Un salmo dice che ogni giorno Dio si affaccia dal cielo per vedere se sulla terra c'è ancora qualcuno che lo cerca. "Cercate me e vivrete!", gridava, per bocca del profeta Amos, a quanti andavano di santuario in santuario alla ricerca di segni e visioni. E' raro incontrare un vero ateo. più facile incontrare degli idolatri. E' sempre più necessaria la conversione dagli idoli al Dio vivo e vero. Egli non è lontano da ciascuno di noi. E' vicino a chi lo cerca con cuore sincero. E quanto più il mondo cresce, tanto più egli si fa piccolo. Quanto più il nostro tripudio natalizio è chiassoso e insolente, tanto più egli tace, e la sua voce è quella di un lieve sussurro che si percepisce soltanto quando anche l'anima tace a se stessa. Egli è il Verbo uscito dal silenzio.

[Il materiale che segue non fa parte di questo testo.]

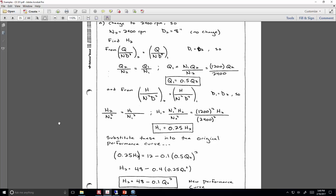Find Q2 in terms of Q1 and H2 in terms of H1, substitute into the original performance curve, and that gives you the new performance curve at the different rotational rate. Note that the rotational rate affects H and Q differently — here it's N to the first power for Q, but N squared for the heads.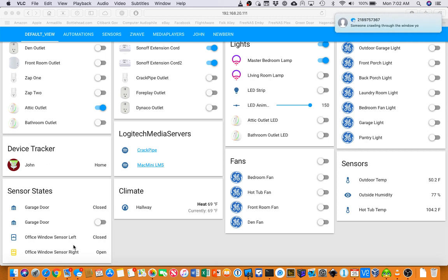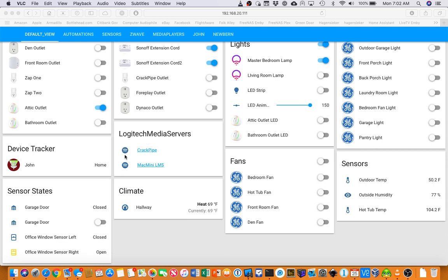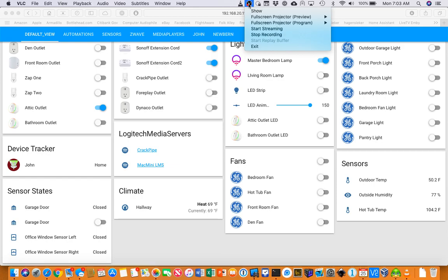Let's close it back down, and I get an indication that the window is closed. It bounced once for some reason — I'm not sure why that is. It's a magnetic switch, so who knows.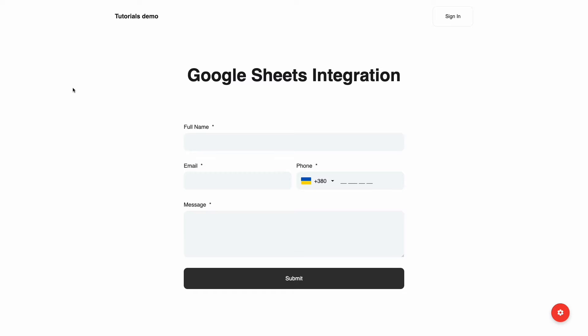By integrating Google Sheets with Joomla Forms, you can automatically export form submissions to Google Sheets. In this video, we'll show you all the stages of the Google Sheets integration process.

E noi arriveremo ad un autentico dialogo umano, se sapremo tacere di più e ascoltare più attentamente. Assistiamo ancora alla sopraffazione della parola. Il dono che egli vuol farci di se stesso esige che ciascuno sia pronto ad accogliere l'altro, il diverso, colui che un tempo era lontano, ed ora si è fatto vicino, ma aspetta che io mi faccia davvero suo prossimo. E' qui che vuol nascere, dove trova lo spazio per porre la sua tenda e abitare fra noi.